Review: Kummitusjuna
The new play performed on the Pasila stage of the Helsinki City Theatre is something different from what we are used to.
The musical is a genre known for glamour and great emotions. In the theatre, music rarely creates new events – it mainly accompanies them. The sad song starts playing in a sad situation instead of acting as a trigger for future events.
In The Ghost Train, written by Lauri Maijala and Sinna Virtanen, music plays an indelible central role. The play is composed throughout, which does not mean that there is singing all the time, but that the music creates emotional states in the background throughout the play. A skilled live band does a lot of work in the corner of the stage, playing a wide variety of mood pieces. The music, on the other hand, gives rise to all sorts of strange things.
The story of the ghost train draws a metro route from Mellunmäki all the way to Ruoholahti with the help of the well-known metaphor “Life is a journey”. In the play, something strange happens at every metro stop, and delightfully, even the beloved metro announcements have been included.
The viewer stays on their toes, as each stop offers a new strange and macabre scene. Black humour blossoms when a lamenting body crawls out of a chest freezer in Myllypuro and the Siilitie hedgehog family is faced with a disgustingly unrealistic tragedy. The stories of a bickering puppet couple and the tragic “miracle skier” on Hiihtäjäntie in Herttoniemi are also particularly captivating.
Often it takes a while on the theatre bench before the play starts to take off, but in The Ghost Train, this happened very quickly. A large part of the scenes in the 1 h 40 min play are also quite memorable. The most enjoyable metro travel was between Kontula and Herttoniemi. Unfortunately, soon after this, we jumped into a kind of potpourri, which is why the downtown area was largely left unexplored.
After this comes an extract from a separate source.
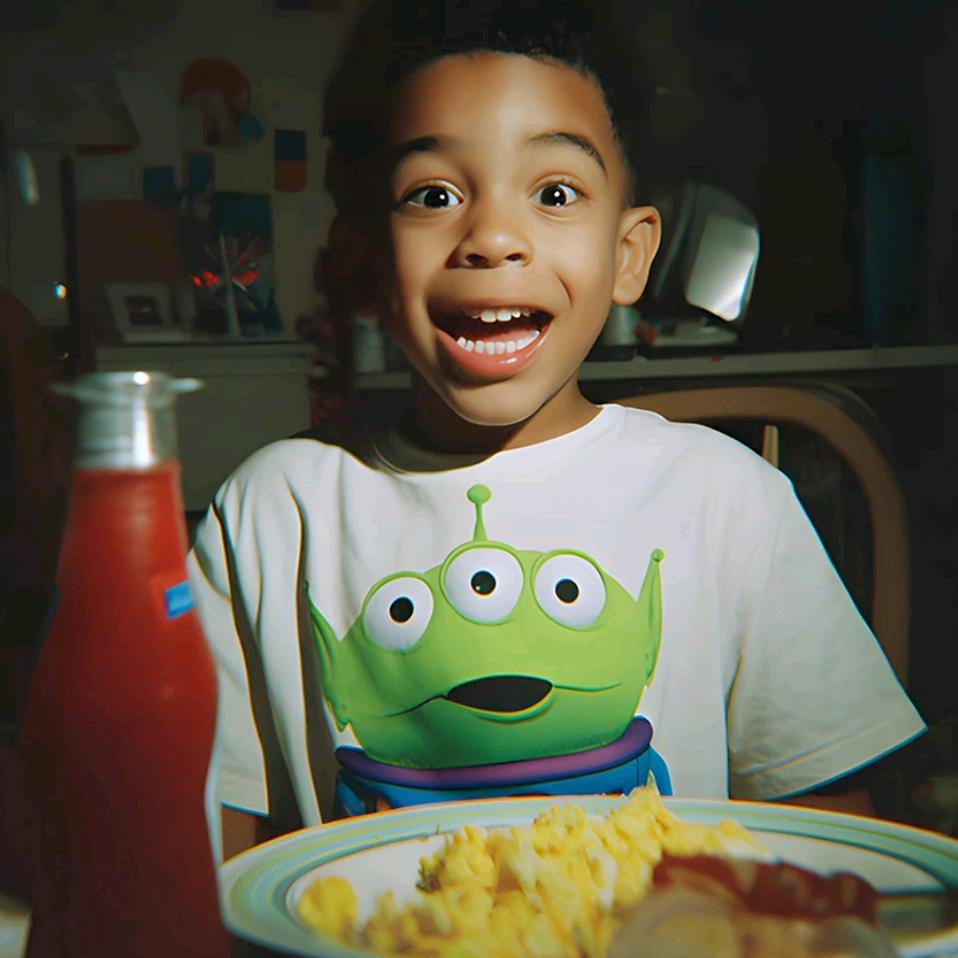 螺丝打到手抽筋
After the ghost train, it’s hard to look at certain stops in the east without smiling, so it’s a shame that the same thing didn’t continue all the way to the lime lines.
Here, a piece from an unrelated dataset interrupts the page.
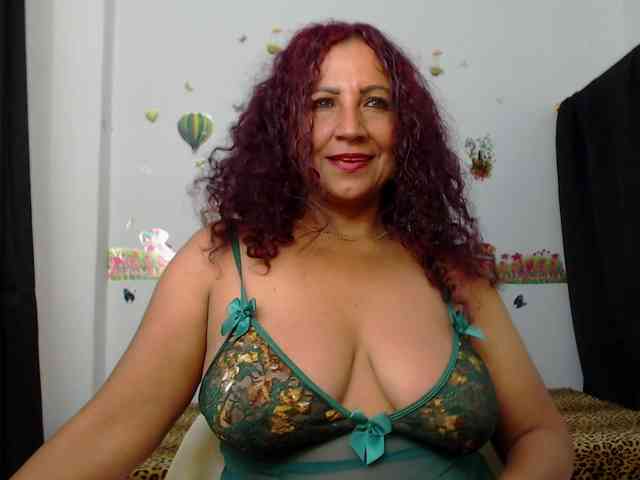 yosselin23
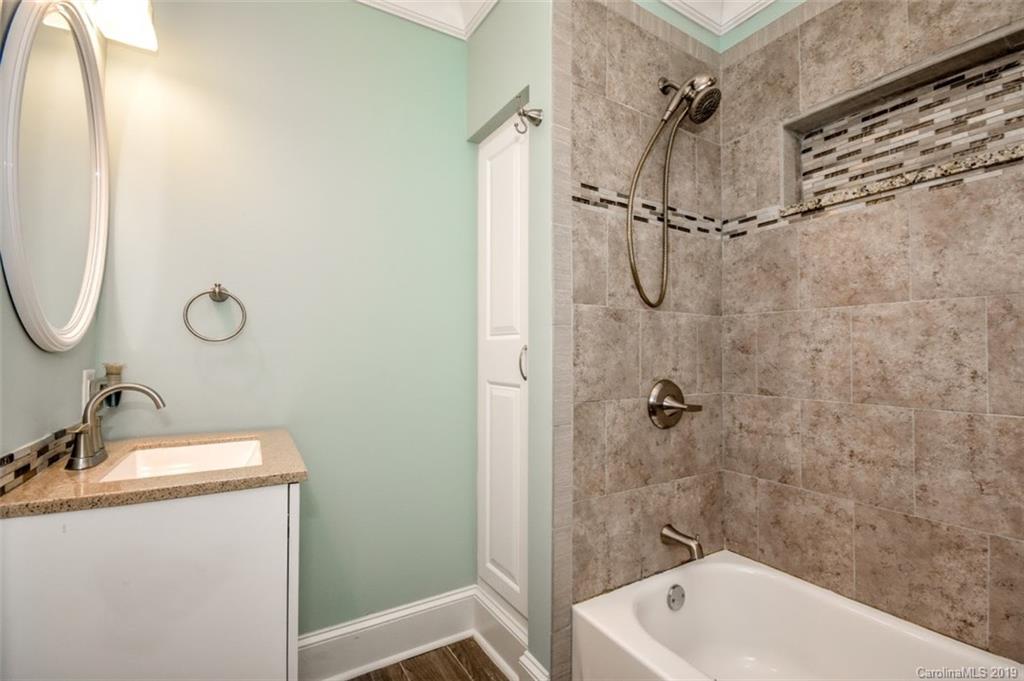 265 Bailey Road Mooresville, NC 28117 - Photo 18 of 25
In the middle of the play, I told my companion that the Ghost Train reminded me of a recent performance of Coincidences at the KOM Theatre. My friend knew right away that the same Lauri Maijala had also directed the play based on Daniil Harms’ short stories. What these two works had in common was at least their absurdity, unpredictability and episodic nature.
The only shortcoming I see in Ghost Train is the same as in Coincidences – it is almost impossible for a play consisting of detached absurd scenes to be of uniform quality. In such a whole, in addition to pearls, there are scenes that are not necessarily bad in themselves, but which inevitably pale in comparison to the previous pearls. However, this was a small problem in the fresh Ghost Train, which deservedly managed to make its audience laugh throughout the premiere.
For lovers of Helsinki, excellent music and dark humour, this is undoubtedly the most recommended play of the autumn!